Beberapa rawi ini meriwayatkan hadits dari jalan:
  • dari Ibnul Mubarak (Tsiqoh Imam , perawi kitab 6 dan ahmad serta Darimi)
  • dari Sulaiman At Taimi (Tsiqoh , perawi kitab 6 plus Ahmad dan Darimi)
  • dari Abu Utsman -bukan An Nahdi- (Ibnu Madini =majhul tapi Di tsiqohkan Ibnu Hibban, merupakan perawi Abu daud 1 hadist, nasai 1 hadist, Ibnu Majah 1 Hadist, Ahmad 2 hadist)
  • dari Bapaknya : (majhul sama seperti Abu Utsman, merupakan perawi Abu daud 1 hadist, nasai 1 hadist, Ibnu Majah 1 Hadist, Ahmad 2 hadist)
  • dari Ma'qil bin Yasar: ( sahabat)
Itulah para rawi hadits ini.

SIAPAKAH YANG BERHAK MENGHUKUMI DERAJAT HADITSNYA?
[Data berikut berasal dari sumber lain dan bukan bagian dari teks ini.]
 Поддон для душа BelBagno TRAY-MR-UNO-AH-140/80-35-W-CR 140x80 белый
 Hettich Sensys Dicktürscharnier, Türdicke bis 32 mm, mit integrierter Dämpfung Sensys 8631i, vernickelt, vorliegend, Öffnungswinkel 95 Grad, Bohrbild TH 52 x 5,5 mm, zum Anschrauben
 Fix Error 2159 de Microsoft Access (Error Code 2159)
Menghukumi suatu hadits shahih atau dhoif pastinya bukan hal yang mudah yang bisa dilakukan oleh siapa saja. Beberapa pihak amat bermudah-mudah menggelari beberapa orang dengan gelar “al muhaddits”. Atau bahkan lebih dari itu, ada yang dengan sengaja menjuluki tokoh tertentu dengan sebutan “muhaddits abad ini”, padahal yang bersangkutan tidak memiliki periwayatan, tidak menyimak hadits dari para perawi dan muhadditsun sebelumnya, atau mungkin hanya memperoleh ijazah dalam kitab-kitab tertentu saja.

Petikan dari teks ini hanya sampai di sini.